I look at it like this: many people today who are our age 20 years ago are barely interested in cars at all. They're a better match for the automated appliances on wheels, vehicle-as-a-service snake oil of Tesla. There's definitely been a demographic shift. As older car enthusiasts stop driving, they're not getting replaced by new drivers who want the same thing.
Our tastes are less likely to change and are probably fundamentally the same as they used to be, and we should be better off now than we were when we were younger. Theoretically, we should be able to afford to drop $80K on a Dark Horse. Not all of us want one (or any Mustang) though.
My opinion is that Ford abandoned cars because they weren't willing or capable of building a solid (define that how you want) car that touched on what people who still wanted Ford cars liked about them. I'm not sure what the hell that is, but Chevy's going through the same thing. Maybe decades of cost-cutting doesn't help your reputation when Honda and Toyota are out there and even shitbox Nissan Altimas are perceived as better.
Then if you want the upscale experience that our older selves may want or afford, you look to Germany. Lincoln was dead after the Town Car which was propped up by livery services. Probably even before that because they had no successor planned to even keep that market. At least Cadillac had plans and leveraged the Corvette and Camaro engineering teams' work.

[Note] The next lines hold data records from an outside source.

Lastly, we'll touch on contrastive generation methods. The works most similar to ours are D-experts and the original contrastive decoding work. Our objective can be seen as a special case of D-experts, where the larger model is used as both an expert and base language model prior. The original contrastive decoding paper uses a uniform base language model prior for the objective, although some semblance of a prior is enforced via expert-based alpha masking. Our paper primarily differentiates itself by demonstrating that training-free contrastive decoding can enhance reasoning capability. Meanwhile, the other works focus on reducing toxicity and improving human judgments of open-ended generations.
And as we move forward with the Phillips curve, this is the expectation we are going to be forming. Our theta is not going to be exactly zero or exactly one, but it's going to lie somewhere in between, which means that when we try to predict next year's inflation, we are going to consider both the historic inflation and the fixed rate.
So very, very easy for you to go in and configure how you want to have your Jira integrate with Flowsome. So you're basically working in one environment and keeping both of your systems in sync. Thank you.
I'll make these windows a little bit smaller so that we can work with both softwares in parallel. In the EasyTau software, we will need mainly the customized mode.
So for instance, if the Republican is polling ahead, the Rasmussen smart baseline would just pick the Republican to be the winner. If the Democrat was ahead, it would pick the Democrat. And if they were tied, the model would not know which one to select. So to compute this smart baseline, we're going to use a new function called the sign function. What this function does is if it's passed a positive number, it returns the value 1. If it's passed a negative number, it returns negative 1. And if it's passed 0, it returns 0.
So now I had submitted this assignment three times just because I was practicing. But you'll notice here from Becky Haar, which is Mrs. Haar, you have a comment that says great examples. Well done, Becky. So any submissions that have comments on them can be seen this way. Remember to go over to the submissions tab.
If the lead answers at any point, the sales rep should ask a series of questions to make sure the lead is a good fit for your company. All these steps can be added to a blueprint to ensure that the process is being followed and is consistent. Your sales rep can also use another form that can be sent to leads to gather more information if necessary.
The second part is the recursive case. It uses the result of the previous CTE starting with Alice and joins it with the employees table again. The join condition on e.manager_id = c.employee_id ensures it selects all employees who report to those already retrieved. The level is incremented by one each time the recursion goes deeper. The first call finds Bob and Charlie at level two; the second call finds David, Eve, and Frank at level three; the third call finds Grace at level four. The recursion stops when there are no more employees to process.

If you ask me, I'd probably say that Ford lost me after their last chance at a respectable sedan, the Taurus, ended up having the dimensions of a whale and the interior room of something much smaller than that. This is no joke—I completely wrote off the fourth gen SHO because I couldn't stack it and the Thunderbird on my lift. Realistically though, how seriously was I considering one? Not very. It was a distant fifth on my list up until that point. It failed at all the things that made the third gen SHO a cult classic, and we know that had nothing to do with looking like a jellybean.
In reality though, Ford lost me after the Terminator Cobra because the only sedans I wanted from them were made in Australia. But even then, I would have only counted as one potential customer.